Now, 50 years after the establishment of the Factory, Name’s black-and-white photos are getting their first major exhibition at Milk Gallery and have been compiled into a 482-page collection. Billy Name: The Silver Age, Photographs from Andy Warhol’s Factory features over 400 of Name’s "Factory Fotos," a term he coined, from 1964 to 1968. “The only things that ever came even close to conveying the look and feel of the Factory then, aside from the movies we shot there, were the still photographs Billy took," Warhol wrote in his 1980 memoir POPism.
“Billy’s always been a bit off the radar,” Dagon James, editor and designer of the book, told The Huffington Post. “Everyone’s seen his photographs, but they haven’t really quite understood his role in the mythology of Warhol.” Not only do Name’s gritty, over-exposed shots give an insider’s perspective on Warhol, but they document an iconic era in American art history. Name’s photos give a behind-the-scenes look at various Warhol films including “Vinyl,” “Nude Restaurant,” “My Hustler” and “Chelsea Girls,” while also capturing the creation of the Brillo Box sculpture and flower silkscreens.
But this new collection isn’t just another tribute to Warhol -- he’s only one element of the story Name’s photographs tell. “We didn’t want to make just another Andy Warhol book,” James said. “People don’t want to read the same stories that have been told book after book.” There’s a plethora of published works that recount the Factory era and Warhol’s artistic endeavors at the time, from Steven Watson’s Factory Made and Mary Woronov’s Swimming Underground to Warhol’s POPism. But Name, along with James, wanted to piece together a more comprehensive history of those who frequented the silverized space, including Brigid Berlin, Gerard Malanga, Mario Montez, Viva, Nico and Susan Bottomly, among others.
“We wanted to paint a broad picture of what life was like in the Factory,” James said of his collaboration with Name, whom James also manages. “This [book] is about his place in history. This is about Billy.”
Name was mainly behind the camera -- he is, however, featured in Warhol’s “Haircut” films, which were of Name’s haircutting parties, and a screen test -- but his presence is unmistakably resonant in his work and in the memories of his friends. The Velvet Underground co-founder John Cale wrote in the foreword to Name’s book of the photographer’s powerful and calming effect on his fellow bandmates. “We could see Billy’s influence on each of us,” Cale wrote of one of the last times the band got together, with Name in tow. The musician described Name as the "pilot fish" to Lou Reed's whale, conveying the silent songwriter's innermost thoughts. "Billy would join us and we all relaxed because the usual tongue-tied fright of Lou’s persona would melt away as Billy gave voice to what it seemed Lou was thinking."
This tranquil aura and in-the-now presence is something Name still seems to exhibit today.
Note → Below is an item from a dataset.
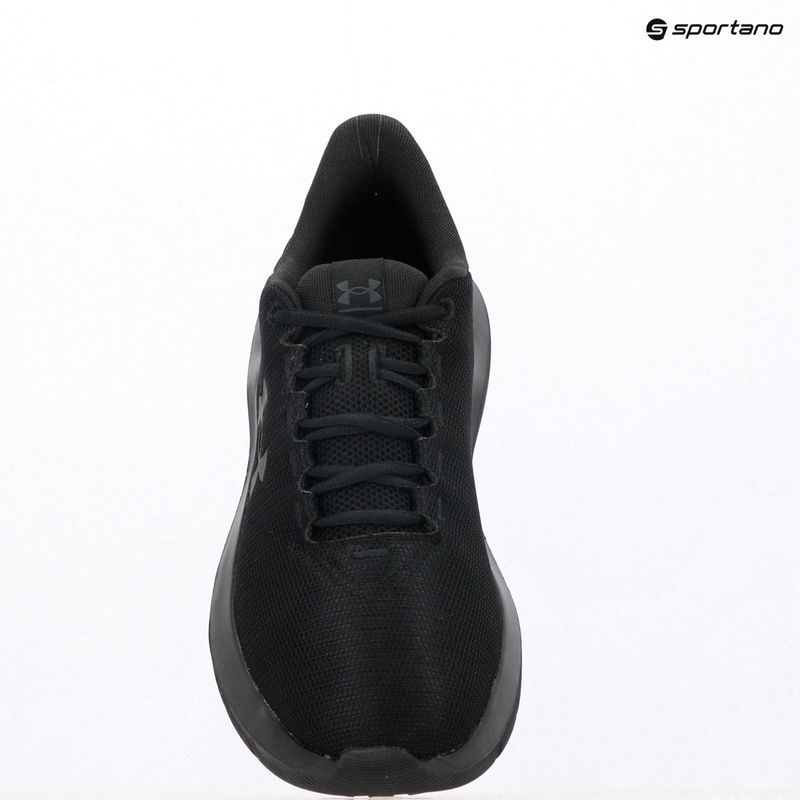 Vyriški bėgimo batai Under Armour Phade RN 3 black/black/black 9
When asked how Name considers his work as an artist and documentarian of the Factory, James said that Name doesn’t view himself as a photographer. “He considers himself a Buddhist,” James said. “He describes himself as the Factory foreman,” James added recalling a man who would pop out of his closet to snap photos, then disappear again for days. That’s the magic of Name’s photos, which capture Warhol and his superstars in some of their most raw, unfiltered states. Name has written that while his many stunning shots of Nico look posed, the singer was merely being her natural self.
“He sees a moment, picks up his camera and grabs it,” Malanga has written of Name’s always-present state of mind. “There’s no hesitation in Billy’s photographs because there is no hesitation in history. That’s a very powerful feeling.”